What are Privacy Coins?
Cryptocurrency investors are not limited in their choices. There are hundreds of cryptocurrencies and at least 39 of them have a market capitalisation of over US$1billion.
However, not all cryptocurrencies provide the same level of anonymity for those who use them.
Regular cryptocurrencies, such as Bitcoin or Ethereum, provide a certain amount of privacy due to their nature as mechanism of exchange protected by cryptography.
However, despite the ability to use a pseudonym to shield one’s identity, access to a blockchain ledger allows transactions to be viewed publicly. If personal details can be matched to an IP address, use of cryptocurrencies can quickly become observable. Certain businesses, such as Elliptic, operate as analysts of Bitcoin capital flows, demonstrating the relative visibility of Bitcoin payments.

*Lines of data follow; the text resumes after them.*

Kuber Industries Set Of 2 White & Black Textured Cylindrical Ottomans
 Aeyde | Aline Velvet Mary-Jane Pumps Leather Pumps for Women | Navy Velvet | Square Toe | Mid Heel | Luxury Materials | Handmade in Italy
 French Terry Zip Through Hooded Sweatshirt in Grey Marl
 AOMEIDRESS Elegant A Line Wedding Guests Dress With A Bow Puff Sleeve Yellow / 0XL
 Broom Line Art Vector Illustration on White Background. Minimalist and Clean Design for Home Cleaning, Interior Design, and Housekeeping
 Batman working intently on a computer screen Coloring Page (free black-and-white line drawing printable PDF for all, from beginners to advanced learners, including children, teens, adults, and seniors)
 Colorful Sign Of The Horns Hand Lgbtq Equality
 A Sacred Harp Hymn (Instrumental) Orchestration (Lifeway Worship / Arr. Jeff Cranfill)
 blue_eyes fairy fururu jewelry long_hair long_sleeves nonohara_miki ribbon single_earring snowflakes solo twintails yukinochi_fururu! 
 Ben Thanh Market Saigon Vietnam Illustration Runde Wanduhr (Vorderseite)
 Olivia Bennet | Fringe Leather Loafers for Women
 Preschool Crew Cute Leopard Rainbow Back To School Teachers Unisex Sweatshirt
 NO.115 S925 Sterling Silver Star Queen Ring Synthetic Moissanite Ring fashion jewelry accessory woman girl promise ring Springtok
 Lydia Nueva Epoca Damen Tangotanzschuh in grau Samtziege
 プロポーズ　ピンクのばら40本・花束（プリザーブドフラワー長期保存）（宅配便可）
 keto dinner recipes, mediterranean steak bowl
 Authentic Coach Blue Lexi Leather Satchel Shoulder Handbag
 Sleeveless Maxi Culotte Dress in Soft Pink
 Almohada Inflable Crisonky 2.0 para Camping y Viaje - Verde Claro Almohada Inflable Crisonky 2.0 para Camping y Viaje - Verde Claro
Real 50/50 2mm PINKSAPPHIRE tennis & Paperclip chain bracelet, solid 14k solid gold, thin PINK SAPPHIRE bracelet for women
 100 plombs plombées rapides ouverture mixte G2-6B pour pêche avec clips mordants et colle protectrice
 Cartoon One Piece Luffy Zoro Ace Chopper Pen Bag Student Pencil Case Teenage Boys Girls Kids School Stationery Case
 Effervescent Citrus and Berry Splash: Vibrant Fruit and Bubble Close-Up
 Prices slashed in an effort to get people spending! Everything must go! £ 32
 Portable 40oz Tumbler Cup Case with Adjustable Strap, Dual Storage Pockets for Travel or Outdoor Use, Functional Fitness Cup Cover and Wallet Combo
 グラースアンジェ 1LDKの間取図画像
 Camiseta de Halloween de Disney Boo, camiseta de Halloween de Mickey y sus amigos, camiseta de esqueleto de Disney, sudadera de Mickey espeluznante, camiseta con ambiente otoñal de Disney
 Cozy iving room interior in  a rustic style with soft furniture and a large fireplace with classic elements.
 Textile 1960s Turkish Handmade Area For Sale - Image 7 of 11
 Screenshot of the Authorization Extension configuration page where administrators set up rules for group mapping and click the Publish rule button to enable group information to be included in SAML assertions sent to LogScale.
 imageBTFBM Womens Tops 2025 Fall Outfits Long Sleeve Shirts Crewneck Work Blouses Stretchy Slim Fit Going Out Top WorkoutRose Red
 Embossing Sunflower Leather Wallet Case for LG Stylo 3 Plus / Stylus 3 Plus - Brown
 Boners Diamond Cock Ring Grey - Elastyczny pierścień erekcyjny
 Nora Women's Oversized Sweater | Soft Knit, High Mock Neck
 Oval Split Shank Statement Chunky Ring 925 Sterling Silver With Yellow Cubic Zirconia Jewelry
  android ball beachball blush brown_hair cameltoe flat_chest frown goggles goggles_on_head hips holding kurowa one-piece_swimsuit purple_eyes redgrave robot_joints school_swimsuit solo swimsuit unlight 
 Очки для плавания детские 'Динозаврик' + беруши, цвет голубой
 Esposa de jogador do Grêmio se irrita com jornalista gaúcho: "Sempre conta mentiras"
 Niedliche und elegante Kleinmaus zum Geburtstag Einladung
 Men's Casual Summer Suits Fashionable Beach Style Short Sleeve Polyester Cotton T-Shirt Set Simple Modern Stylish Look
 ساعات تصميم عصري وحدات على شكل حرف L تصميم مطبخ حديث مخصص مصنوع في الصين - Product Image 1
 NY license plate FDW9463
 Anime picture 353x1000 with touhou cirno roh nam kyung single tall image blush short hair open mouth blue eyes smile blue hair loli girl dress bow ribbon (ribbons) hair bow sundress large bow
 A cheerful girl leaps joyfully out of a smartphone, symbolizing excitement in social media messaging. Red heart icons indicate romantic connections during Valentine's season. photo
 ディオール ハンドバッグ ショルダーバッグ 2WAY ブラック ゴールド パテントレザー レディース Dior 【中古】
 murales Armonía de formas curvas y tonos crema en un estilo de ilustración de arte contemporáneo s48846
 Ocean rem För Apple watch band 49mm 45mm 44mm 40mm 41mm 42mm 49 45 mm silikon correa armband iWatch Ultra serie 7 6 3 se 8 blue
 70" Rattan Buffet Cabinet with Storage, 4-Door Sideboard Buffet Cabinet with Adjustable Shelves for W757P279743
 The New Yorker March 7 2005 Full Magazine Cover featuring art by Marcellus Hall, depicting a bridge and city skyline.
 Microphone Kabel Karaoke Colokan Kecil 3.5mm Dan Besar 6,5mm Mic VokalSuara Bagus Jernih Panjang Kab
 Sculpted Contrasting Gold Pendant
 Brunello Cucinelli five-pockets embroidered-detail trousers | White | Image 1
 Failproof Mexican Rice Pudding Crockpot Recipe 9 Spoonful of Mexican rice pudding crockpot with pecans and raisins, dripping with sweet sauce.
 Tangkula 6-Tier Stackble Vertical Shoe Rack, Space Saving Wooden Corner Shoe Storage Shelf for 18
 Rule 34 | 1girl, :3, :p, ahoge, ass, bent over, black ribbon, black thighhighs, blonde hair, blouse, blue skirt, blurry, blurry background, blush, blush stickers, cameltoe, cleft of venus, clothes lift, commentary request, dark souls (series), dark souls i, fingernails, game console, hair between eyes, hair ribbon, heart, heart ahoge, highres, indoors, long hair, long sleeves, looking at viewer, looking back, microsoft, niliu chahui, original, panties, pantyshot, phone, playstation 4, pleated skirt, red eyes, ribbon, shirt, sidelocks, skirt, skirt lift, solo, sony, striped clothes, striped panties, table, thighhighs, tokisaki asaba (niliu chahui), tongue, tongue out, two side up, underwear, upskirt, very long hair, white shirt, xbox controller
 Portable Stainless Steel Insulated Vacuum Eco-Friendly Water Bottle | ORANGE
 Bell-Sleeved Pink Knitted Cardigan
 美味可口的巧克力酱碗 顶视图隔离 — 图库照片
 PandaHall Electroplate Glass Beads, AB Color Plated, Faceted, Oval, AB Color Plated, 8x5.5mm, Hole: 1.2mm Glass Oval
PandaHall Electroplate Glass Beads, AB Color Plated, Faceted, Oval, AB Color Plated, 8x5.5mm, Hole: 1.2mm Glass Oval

Privacy coins, as their name suggests, offer users the ability to keep their transactions truly incognito. There are a number of privacy coins on the market, such as Monero and Dash, that use various methods allow their owners to remain anonymous. Advanced cryptographic techniques operate to keep the currency untraceable, while transaction locations and amounts can be protected by distributing the transaction between large numbers of data addresses.
How private are they?
Not all privacy coins provide the same level of concealment. Certain currencies, such as Zcash, continue to use blockchain to authenticate their transactions and can still be traced to an IP address. On the other hand, Monero operates by using dealings that are conducted via throwaway accounts, so that although Monero is exchanged via the blockchain, no traceable link is left to find the users. A further level of privacy is provided by the use of ring signatures to hide the amounts used.
Whether true secrecy on the blockchain can be achieved has been questioned. Advances in cryptography and mathematics are touted as providers of greater security and privacy. However, they may yet be accessible. Privacy technology used by Zcash and Monero relies on elaborate digital associations between multiple transaction verifiers. This places dependence on the other links in the verification process. Users of privacy coins may still find themselves unsure about whether their activity remains opaque.
What is the law concerning transactions made using cryptocurrencies?
There is no comprehensive legal regime for digital currencies. Yet despite cryptocurrencies being relatively new to the general public, some attempts have been made by regulatory authorities to track the identities of users. The current legal framework for regular monetary transactions is primarily aimed at anti-money laundering. The US Bank Secrecy Act (1970) requires that all financial institutions are registered and provide identification of their customers and dealings. In 2013 it was noted that these requirements extended to ‘virtual currencies’, including any blockchain transaction.
Driven primarily by concerns over taxation and the use of cryptocurrencies as a tool of criminal activity, potential regulation has had a destabilising effect on the crypto market. The US Government Accountability Office, an investigative body for the US Congress, has written a report in which one of its stated aims is to provide information on the names of account holders and the amounts of cryptocurrency. In Germany, a capital assets tax on cryptocurrency transactions has been proposed, however, it relies on voluntary reporting of income by users themselves.
It is clear that the potential value of privacy coins may be tied to the requirements stipulated in future government regulations of digital transactions. Should the policing of private cryptocurrency users be tightened, privacy coins may well end up losing value.